Younger kids will enjoy La Ménagerie, a zoo dating back to the 18th century with reptile rooms, monkeys and big cats such as panthers.
The National Museum of Natural history is also extremely kid-friendly, with a merry-go-round and 17th century gardens which are perfect for a picnic lunch. The museum itself has a fascinating collection of animal skeletons on the ground floor, and plenty of other natural wonders to keep kids in awe.
Kid-friendly parks in Paris
Most of the parks in Paris are kid-friendly, but there are three that shouldn’t be missed. One is the Jardin de Luxembourg, where you’ll also find an enclosed play area, toy sailboats in the central basin and pony rides.
Another fantastic park is the Jardin Tuileries near the Louvre Museum, one of Paris’ prettiest parks. Grown-ups can enjoy comfortable lounge chairs while kids will love the merry-go-round, the big sculptural playground and the in-ground trampolines.
The third park is Parc des Buttes-Chaumont which features a grotto, several playgrounds, a merry-go-round and a temple on top of a peak in the middle of a lake, reached by suspension bridges, which are great fun for kids.
The best neighborhood to explore with kids is the Montmartre. They can enjoy a ride on the merry-go-round at the bottom of the park between Square Louise Michel and Sacre Coeur before heading up the stairs (or taking the funicular) to Sacre Coeur basilica. The church itself is fascinating enough for a quick look from the outside, but the winding cobble-stone streets always offer something interesting for kids – the artists who paint on the Place du Tertre, little shops selling interesting trinkets or crepes stands.
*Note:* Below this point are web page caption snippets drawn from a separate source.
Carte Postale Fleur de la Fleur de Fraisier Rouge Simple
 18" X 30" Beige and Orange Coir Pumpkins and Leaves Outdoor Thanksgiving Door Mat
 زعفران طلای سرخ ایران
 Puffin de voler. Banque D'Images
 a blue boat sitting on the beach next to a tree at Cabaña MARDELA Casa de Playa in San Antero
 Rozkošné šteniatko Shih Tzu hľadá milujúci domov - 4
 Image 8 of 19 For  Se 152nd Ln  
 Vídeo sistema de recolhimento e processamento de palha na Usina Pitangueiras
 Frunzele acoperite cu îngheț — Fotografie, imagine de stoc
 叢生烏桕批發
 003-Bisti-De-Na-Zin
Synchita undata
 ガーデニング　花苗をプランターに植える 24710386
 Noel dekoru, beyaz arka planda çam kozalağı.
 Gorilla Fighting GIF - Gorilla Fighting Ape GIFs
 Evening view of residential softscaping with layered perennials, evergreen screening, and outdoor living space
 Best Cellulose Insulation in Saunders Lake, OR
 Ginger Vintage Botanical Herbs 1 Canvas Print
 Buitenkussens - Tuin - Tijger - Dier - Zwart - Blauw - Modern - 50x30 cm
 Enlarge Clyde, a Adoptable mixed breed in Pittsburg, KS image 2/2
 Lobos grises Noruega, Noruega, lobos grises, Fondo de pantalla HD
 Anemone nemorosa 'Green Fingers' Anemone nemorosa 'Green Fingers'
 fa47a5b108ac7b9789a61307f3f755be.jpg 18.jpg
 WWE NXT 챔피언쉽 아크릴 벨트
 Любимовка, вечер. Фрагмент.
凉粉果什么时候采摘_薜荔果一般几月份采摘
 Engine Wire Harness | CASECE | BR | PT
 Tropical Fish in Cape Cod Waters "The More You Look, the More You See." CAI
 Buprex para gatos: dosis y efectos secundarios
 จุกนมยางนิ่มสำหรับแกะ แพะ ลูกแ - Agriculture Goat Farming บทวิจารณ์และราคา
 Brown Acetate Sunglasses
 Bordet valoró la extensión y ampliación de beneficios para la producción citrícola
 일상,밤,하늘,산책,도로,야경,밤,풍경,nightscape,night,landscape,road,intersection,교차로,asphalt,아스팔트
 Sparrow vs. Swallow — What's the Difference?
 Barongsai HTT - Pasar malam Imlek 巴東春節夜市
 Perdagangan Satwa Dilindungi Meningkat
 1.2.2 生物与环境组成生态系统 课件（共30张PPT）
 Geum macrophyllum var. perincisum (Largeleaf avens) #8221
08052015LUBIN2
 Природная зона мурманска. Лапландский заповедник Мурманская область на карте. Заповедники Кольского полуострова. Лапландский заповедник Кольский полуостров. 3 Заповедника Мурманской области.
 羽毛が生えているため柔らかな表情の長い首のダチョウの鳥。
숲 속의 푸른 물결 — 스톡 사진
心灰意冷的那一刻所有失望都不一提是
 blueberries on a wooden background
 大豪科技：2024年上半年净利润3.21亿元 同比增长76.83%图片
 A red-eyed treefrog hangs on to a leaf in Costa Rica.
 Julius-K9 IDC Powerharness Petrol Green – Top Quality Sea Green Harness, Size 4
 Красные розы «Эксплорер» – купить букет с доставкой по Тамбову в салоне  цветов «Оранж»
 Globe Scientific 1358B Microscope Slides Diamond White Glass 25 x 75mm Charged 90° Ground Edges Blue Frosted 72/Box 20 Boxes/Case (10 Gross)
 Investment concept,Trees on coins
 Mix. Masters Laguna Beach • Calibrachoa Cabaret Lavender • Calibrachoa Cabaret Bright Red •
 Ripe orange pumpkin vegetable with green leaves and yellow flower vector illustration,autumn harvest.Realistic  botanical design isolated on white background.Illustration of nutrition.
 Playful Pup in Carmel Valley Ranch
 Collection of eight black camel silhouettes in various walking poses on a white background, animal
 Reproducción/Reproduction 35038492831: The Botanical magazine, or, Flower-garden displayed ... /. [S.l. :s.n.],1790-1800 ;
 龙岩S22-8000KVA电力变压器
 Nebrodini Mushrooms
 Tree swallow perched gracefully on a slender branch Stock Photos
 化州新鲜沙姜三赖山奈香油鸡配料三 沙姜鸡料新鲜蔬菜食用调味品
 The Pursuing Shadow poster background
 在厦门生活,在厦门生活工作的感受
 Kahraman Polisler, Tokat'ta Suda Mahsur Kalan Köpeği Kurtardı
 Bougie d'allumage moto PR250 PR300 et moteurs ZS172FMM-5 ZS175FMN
Try to do this early in the day though, as this neighborhood tends to get packed mid-morning until late in the evening.
Fascinating markets in Paris
Another highlight for kids is a tour of the local markets. On Sundays, the popular flower and bird market takes place at the Place Lois Lepine on the Ile de la Cite near Notre Dame cathedral, and children are usually in wonder seeing all the different birds. To show them more of an ethnic food market, take them to the Marché des Enfants Rouges, the city’s oldest market where you’ll find Lebanese, North African and even Japanese foods. If you come during the week (Tue-Fri), you’ll beat the weekend crowds – the later in the day you get there, the emptier it will be.
Need more recommendations? Check out these 14 ideas from Fodor’s for what to do in Paris with kids!
Have you been to Paris with kids? Do you have advice on kid-friendly activities in the City of Lights?
Thursday 3rd of March 2016
Paris is a great place to visit, but there is so much more to see and do in France. We live in the south and love the warmer weather, the Mediterranean climate and during the winter skiing in the Pyrenees. You can go white water rafting or canoeing on the Aude, go ape swinging in the trees or send them off to an Aquazone on one of the inland lakes. Take them south and discover the Cathare Fortresses, a great history lesson and adventure all built into one. Kids just love exploring castles.